Alas, we were to be sorely disappointed. The Jazz Age was a time of gaiety, exuberance and excess, but you’d never know it from this production. The theatre itself is small and dark, and the dreary sets and minimal costuming did nothing to offset that. The plays themselves were slight; the songs were B-list selections at best; and the singing, acting and direction were very uneven. The net result was a generally leaden production.
The first of the three one act plays, Porcelain and Pink by Fitzgerald, was less a play than a fleeting idea for one or, to be generous, little more than a scene from a play rather than a full act.
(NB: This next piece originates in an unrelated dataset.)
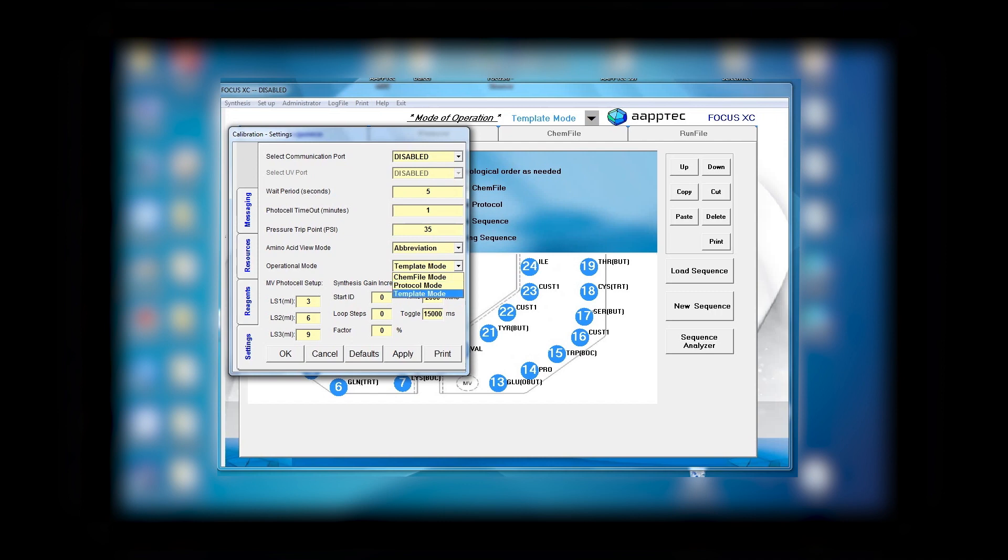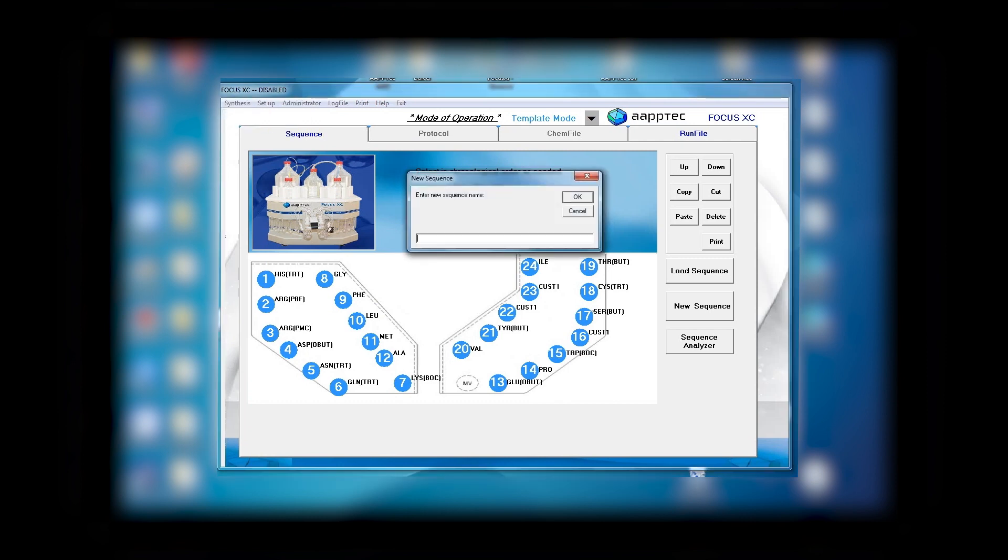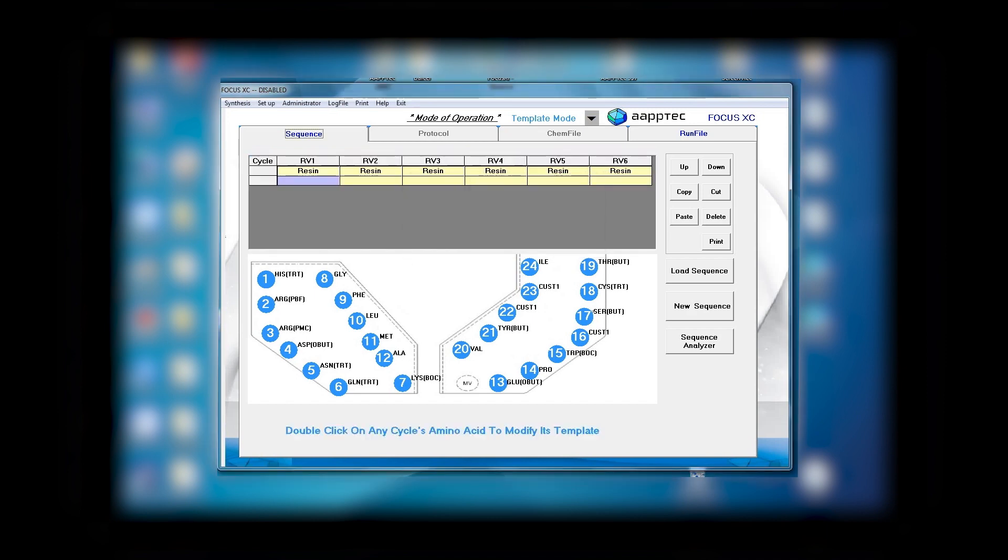Let's do the template mode first. You select template mode and click OK. Next we start the synthesis. Since this is a new synthesis, the first step is to name it. I will call it HS12345 in this example, but you can name it whatever you like. Then I click OK. The next step is choosing the reactor. This instrument has six reactors, but I am only going to choose one reactor.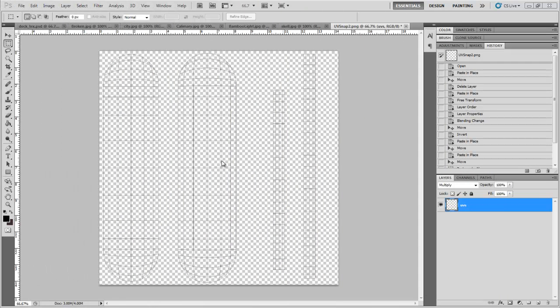Welcome back. I've imported my UV snapshot into Photoshop. I'm going to hit Ctrl-I to inverse it.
The entire play takes place with Julie (Kristin Carter) in a bathtub, first in conversation with her sister and then with her sister’s beau (he, discreetly placed on the other side of the bathroom door). Ms Carter plays her part with a delightful impetuosity but the play itself is so trivial and the set so dull, that even her charming performance can’t save it.
Kristin Carter as Julie in Porcelain and Pink. Photo by Steven Barrett. |
The second of the three one act plays, Here We Are by Dorothy Parker, was the best of the bunch. Parker’s sardonic wit shone through this dated take on a newly married couple’s anxieties in anticipation of their consummating their marriage later that night. Karen Zondag as “She,” the new bride, was the standout in this one but, again, neither the play itself, nor the costumes, nor the set, were especially memorable.
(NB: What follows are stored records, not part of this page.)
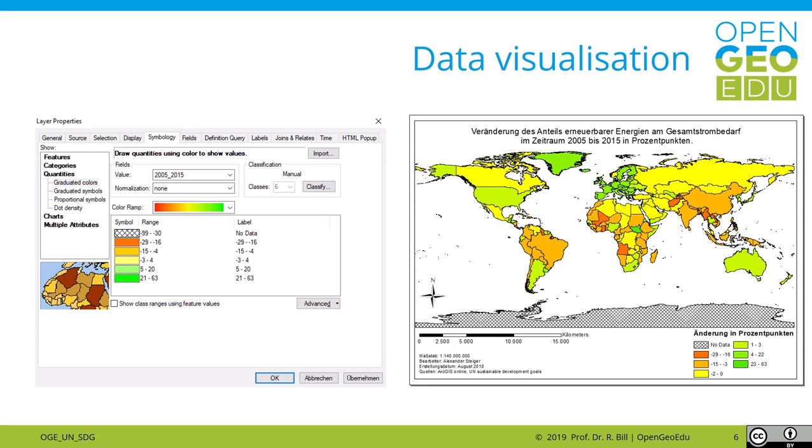After doing so, you may want to create a map of your results. Therefore you have to select a thematic categorization and coloring scheme. On the right-hand side you see a thematic map illustrating the share of renewable energies in total energy consumption between 2005 and 2015. Our color coding scheme uses the idea of a traffic light, where red means danger, equals negative development over the last decade.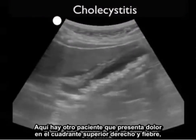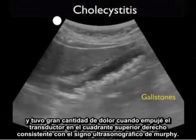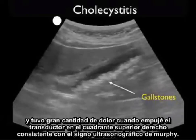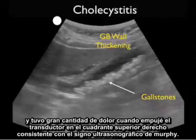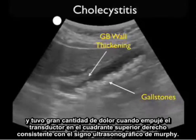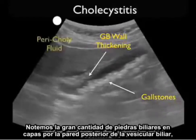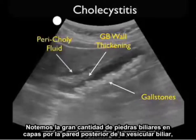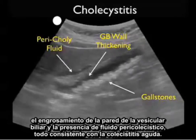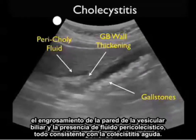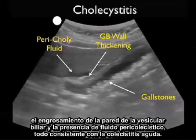Here's another patient who presented with right upper quadrant pain and fever, and had a great deal of pain when I pushed the probe into the right upper quadrant, consistent with a sonographic Murphy sign. Notice the large amount of gallstones layering out along the back wall of the gallbladder, the gallbladder wall thickening of the anterior wall, and the presence of pericholecystic fluid — all consistent with acute cholecystitis.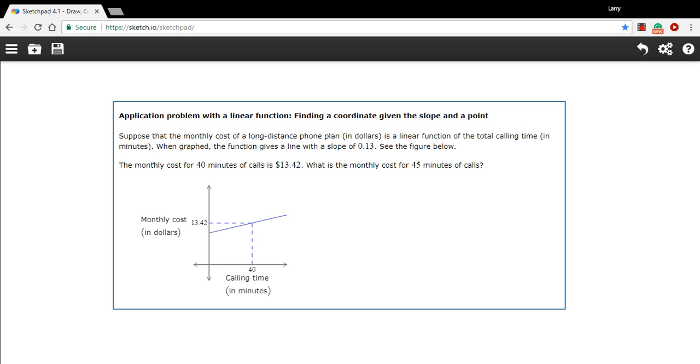Suppose that the monthly cost of a long distance phone plan in dollars is a linear function of the total calling time. Here we have the cost of the plan on the y-axis and the calling time on the x-axis. So as the calling time goes up, the cost of the plan goes up. That makes sense.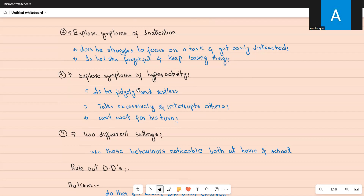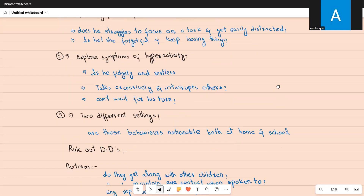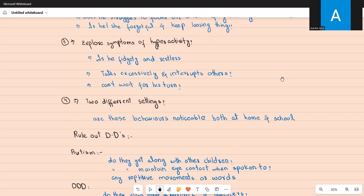You also need to establish symptoms of hyperactivity, since both inattention and hyperactivity are required for a diagnosis of ADHD. Ask: is he always fidgety and restless? Does he keep running around, talk excessively, interrupt others, and can't wait for his turn? These are the core symptoms of hyperactivity. To confirm the diagnosis, these behaviors must be present in two different settings — both at home and at school — so don't forget to ask this, as it's critical to sealing the diagnosis.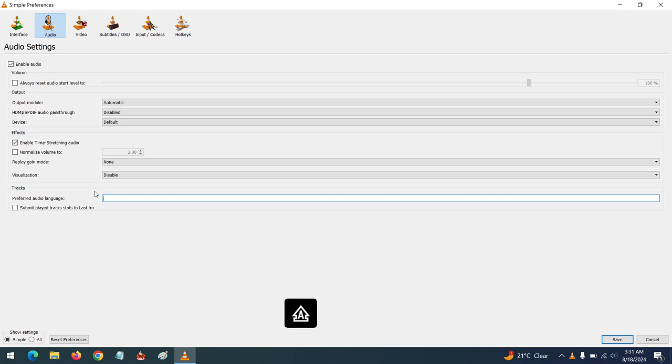That is ENG, or any language of your preferred choice. There are codes for each and every language. The link to get all the codes for each language will be placed in the description.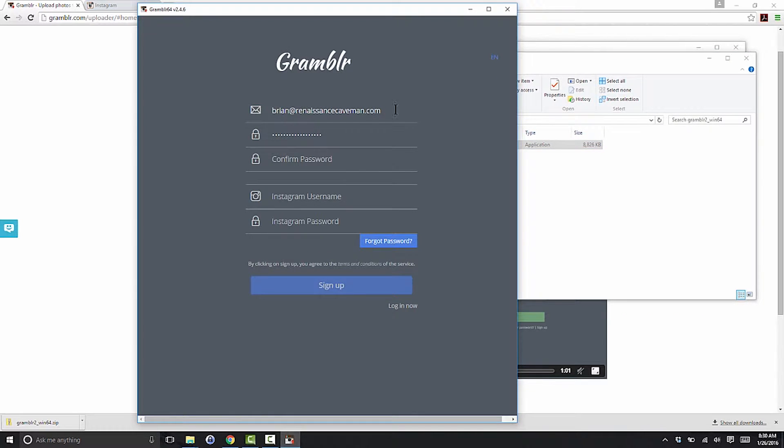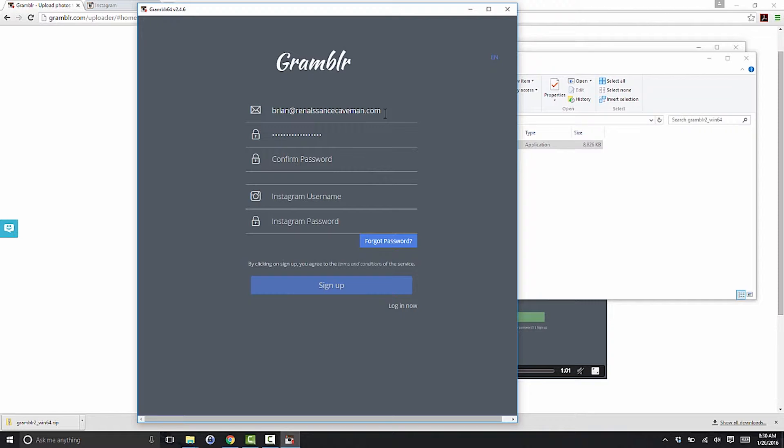When you first open Grambler, you'll need to create a Grambler account. Enter your email address and secure password. You'll also need to enter your Instagram username and password, then click sign up. I already have a Grambler account, so I'll click login now and enter my username and password.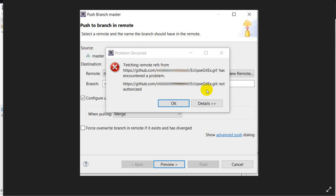Hello everyone, today we are going to see how we can solve this error while pushing to a branch in a repository in the Eclipse IDE. This is the error we are getting.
The third play in the trilogy was Sweet-and-Twenty by Floyd Dell, one of Edna St. Vincent Millay’s many lovers (and a minor literary light in his own right.) The play treads familiar ground (boy and girl meet and fall in love, believing that they are being independently impulsive in doing so, but without realizing that their respective aunt and uncle were desirous of their getting together in the first place), and exploits a variety of stage cliches without really breaking any new ground.
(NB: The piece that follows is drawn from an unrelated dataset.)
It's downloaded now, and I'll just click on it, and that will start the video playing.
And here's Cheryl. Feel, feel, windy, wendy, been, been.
Before the plays begin, in between the plays themselves, and after the final one act play ends, we are inundated with a number of songs from the Jazz Age, performed by the actors themselves. These include “Ain’t We Got Fun,” “All by Myself,” “The Sheik of Araby,” “Everybody Step,” and “Look for the Silver Lining” but the most enjoyable renditions are “Ballin’ the Jack” and “Stairway to Paradise,” both performed by Kristin Carter (who provided the small spark in Porcelain and Pink as well).